Recently we’ve been hearing from a lot of recruiters looking for social media and community professionals but more than that we’re hearing from a lot of community managers who are getting laid off, leaving voluntarily, or considering making a move. While the social software market itself is going through the Trough of Disillusionment, one of the biggest risks happening right now is to community managers. What’s interesting to me is that a lot of the churn is going on with some of the best community managers in the business and the ones who have the most experience. They are restless, isolated, frustrated, and unsatisfied. They are getting more support and recognition for their work externally than they do within their own organizations. They are looking for really rewarding challenges and an environment where they can do innovative and ground-breaking work. They are in organizations that still view them as their social media or community outpost but they are not ready to think about social media or community as a business strategy that incorporates more of the organization – effectively leaving them in the desert with no water.

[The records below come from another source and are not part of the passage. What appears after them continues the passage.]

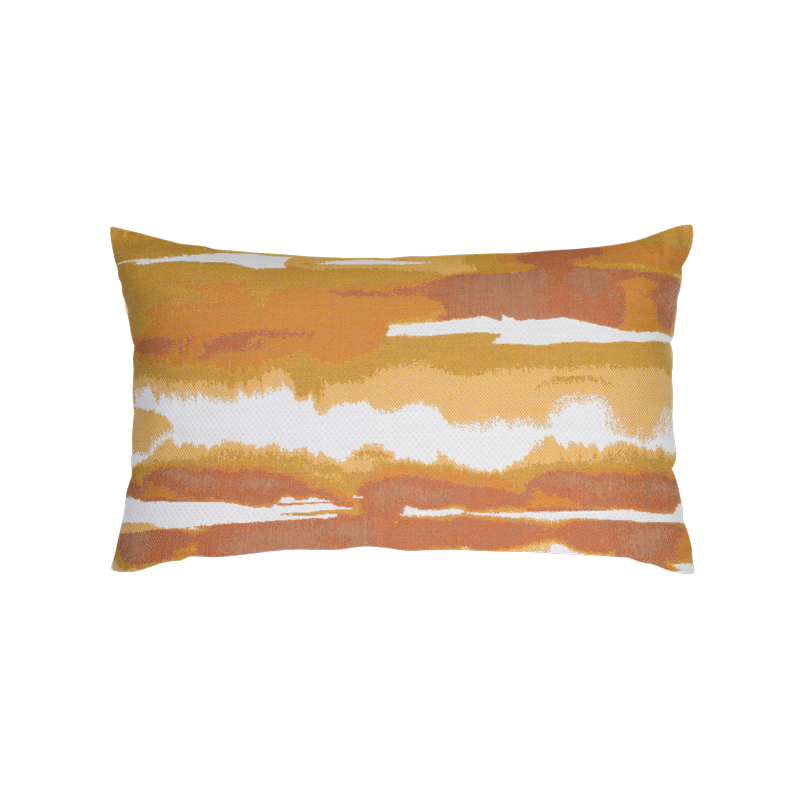 Impression Sunrise Lumbar - This item will ship by 3/18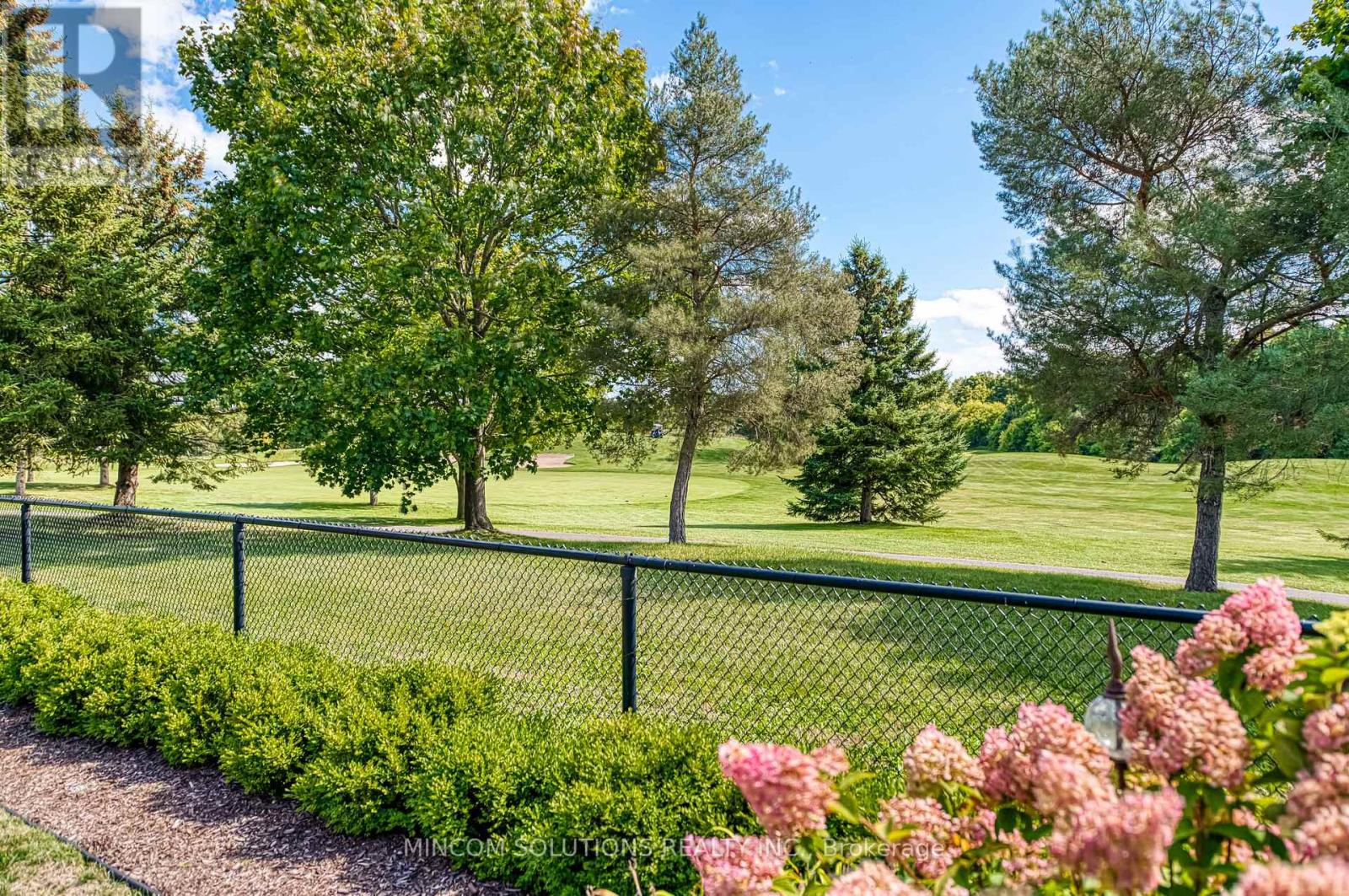 35 Links Lane, Brampton (Credit Valley), Ontario  L6Y 5H2 - Photo 36 - W12393423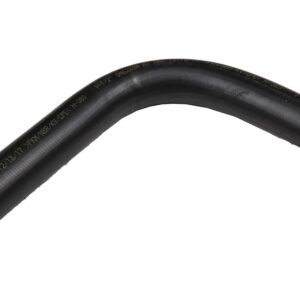 ACDelco 20788860 Fuel Tank Filler Hose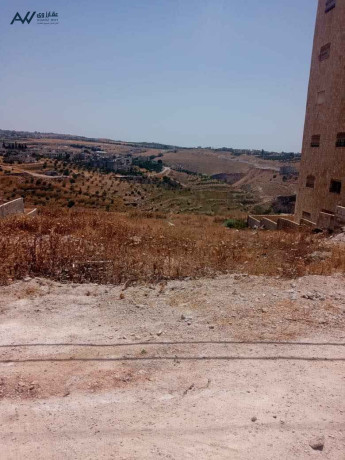 ktaa-ard-mmyz-fy-mhafth-arbd-albarh-big-2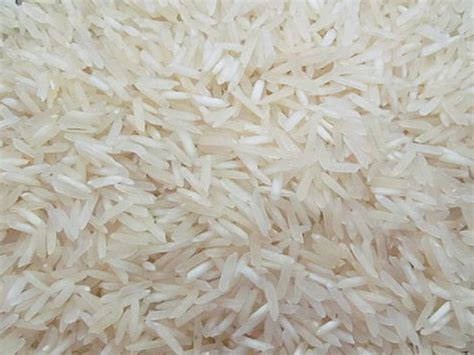 1401 Basmati Rice Safeagritrade Processors And Exporters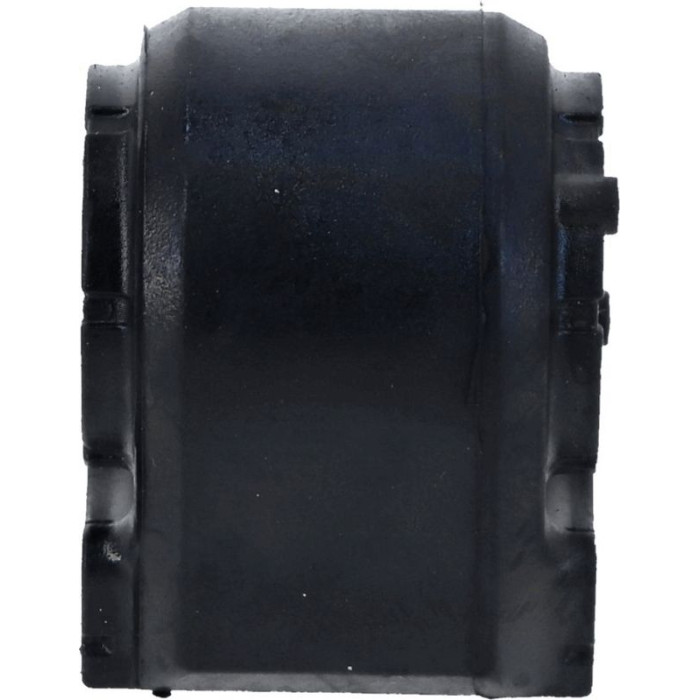 Lagerung, Stabilisator 35770 01 Lagerung, Stabilisator 35770 01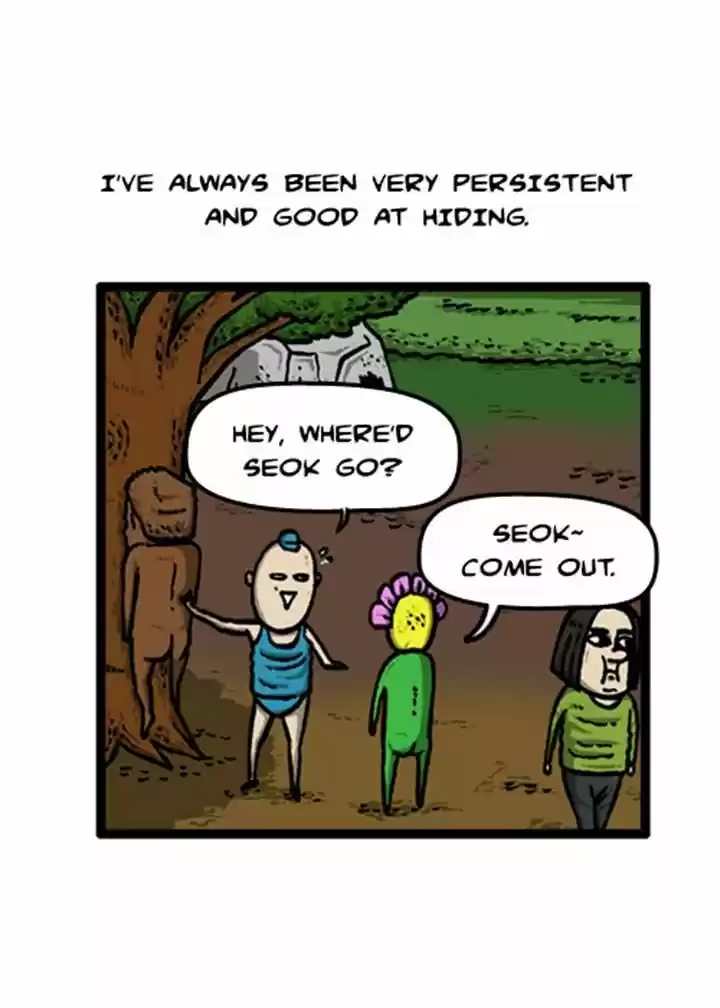 The Sound of Your Heart 141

Community managers – as outposts – face a lot of stress. They are seeing on a daily basis how the business needs to change to support their constituents and yet they don’t have the internal decision-making chain listening to them at a high enough level to actually change the business. They are often seen as the person who will change the culture by making a company more ‘social’ but as anyone with change management experience knows, putting that responsibility on any one person is enormously unfair. In the worst scenario and particularly with Enterprise 2.0 initiatives started in IT groups, community management falls to a project manager as a ‘part-time’ responsibility and the person in the role has no realistic hope of tackling the responsibilities comprehensively – but not for lack of interest or enthusiasm. So social initiatives linger, fall apart, or create friction within the organization that it cannot be easily addressed because of lack of a broad strategy and commitment. Oliver Marks talks about this in his post Collaboration Strategy Shortcomings: Whack the Community Manager.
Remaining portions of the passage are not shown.